**TASK DETAILS**
Give back exactly the lines from the one that holds "Camiseta Islas Galápagos DV4 (Anverso)" through the final line of the data; omit the pictures and add nothing.

**DATA PROVIDED**
+ + + +

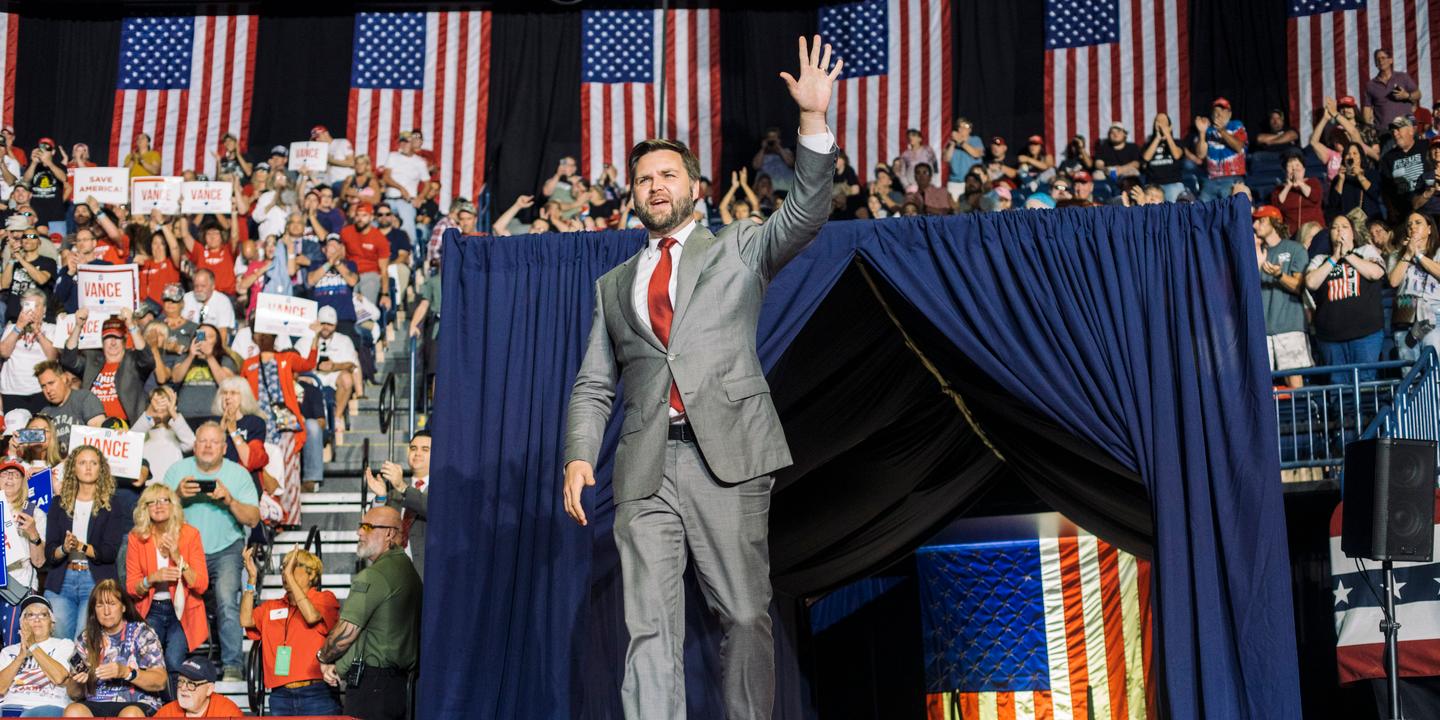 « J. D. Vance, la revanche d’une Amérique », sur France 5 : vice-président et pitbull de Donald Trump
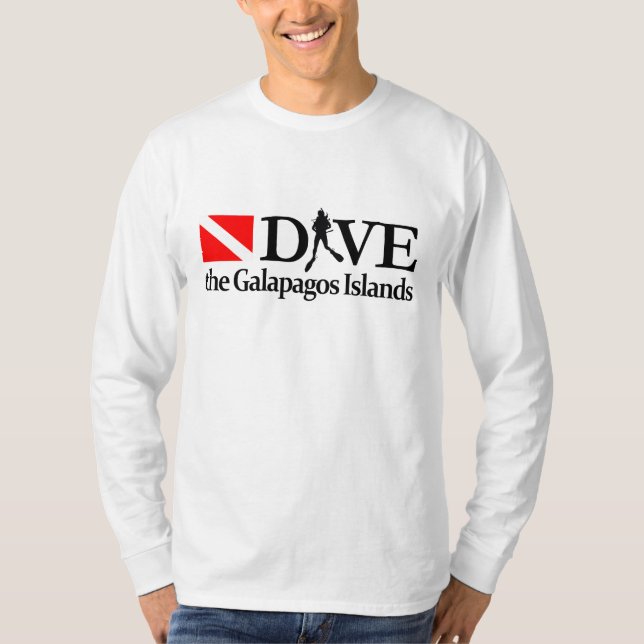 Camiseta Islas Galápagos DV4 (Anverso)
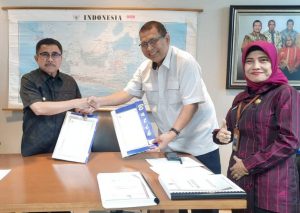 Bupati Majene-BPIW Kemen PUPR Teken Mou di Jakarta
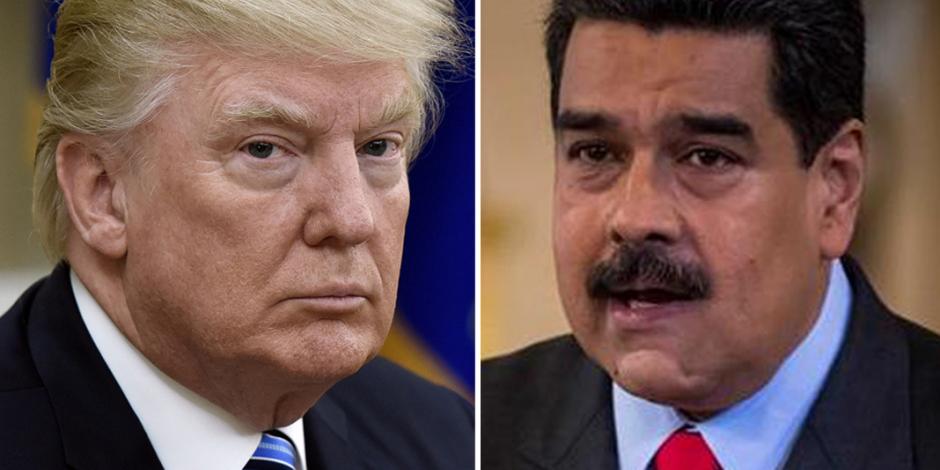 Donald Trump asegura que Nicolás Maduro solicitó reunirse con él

+ + + +

**PROBLEM SOLUTION**
 Camiseta Islas Galápagos DV4 (Anverso)
 Bupati Majene-BPIW Kemen PUPR Teken Mou di Jakarta
 Donald Trump asegura que Nicolás Maduro solicitó reunirse con él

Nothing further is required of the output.